DESCRIPTION OF THE TASK ::
Word for word, transcribe the listing that follows, minus any pictures.

SUPPLIED MATERIAL ::

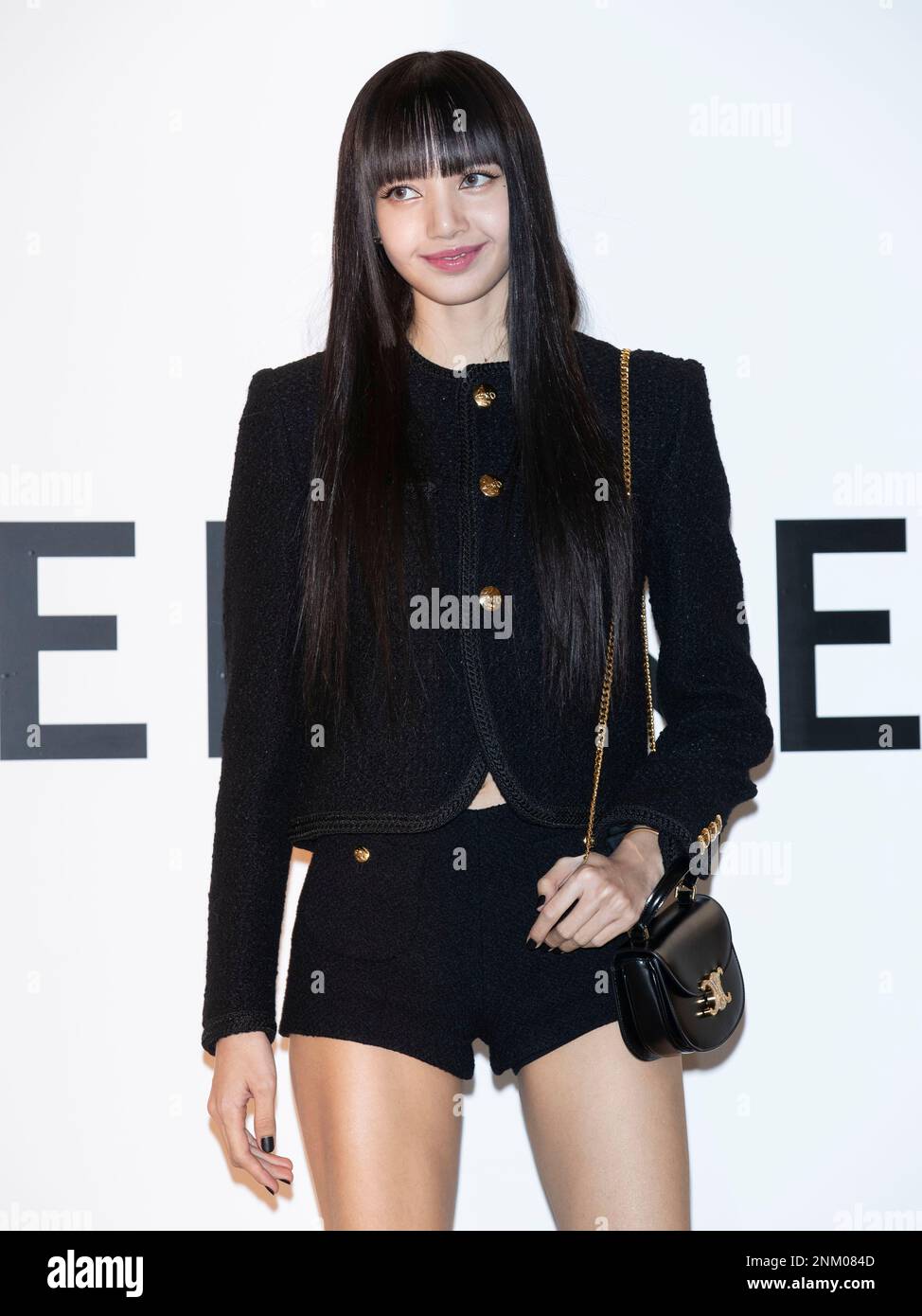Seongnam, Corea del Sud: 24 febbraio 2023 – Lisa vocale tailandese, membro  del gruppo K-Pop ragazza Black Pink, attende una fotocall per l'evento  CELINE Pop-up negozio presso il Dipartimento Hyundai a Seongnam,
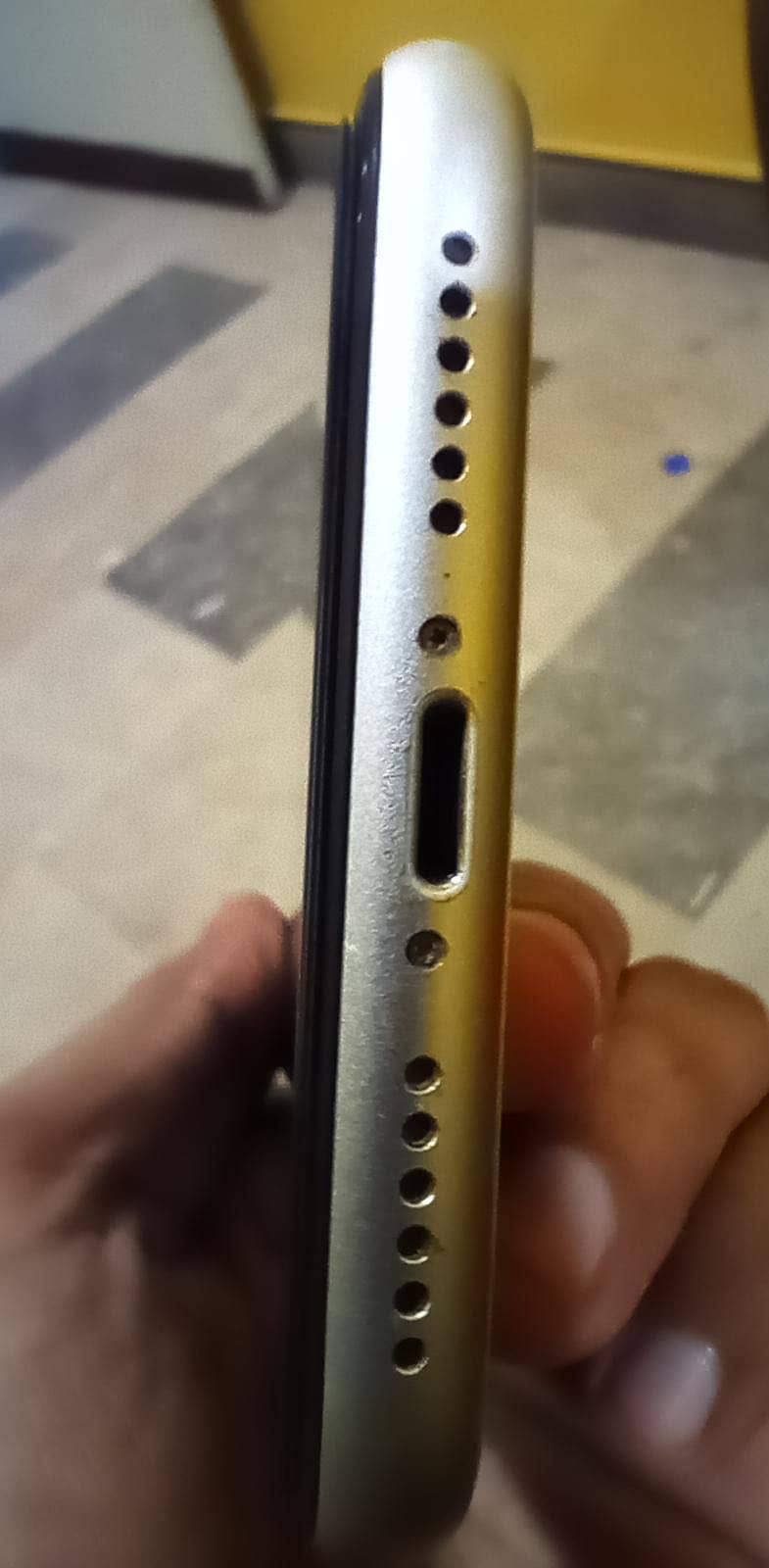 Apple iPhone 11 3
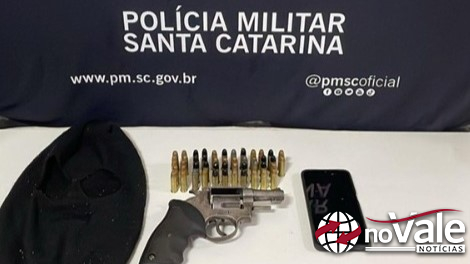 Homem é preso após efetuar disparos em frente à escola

RESPONSE TO THE TASK ::
Seongnam, Corea del Sud: 24 febbraio 2023 – Lisa vocale tailandese, membro  del gruppo K-Pop ragazza Black Pink, attende una fotocall per l'evento  CELINE Pop-up negozio presso il Dipartimento Hyundai a Seongnam,
 Apple iPhone 11 3
 Homem é preso após efetuar disparos em frente à escola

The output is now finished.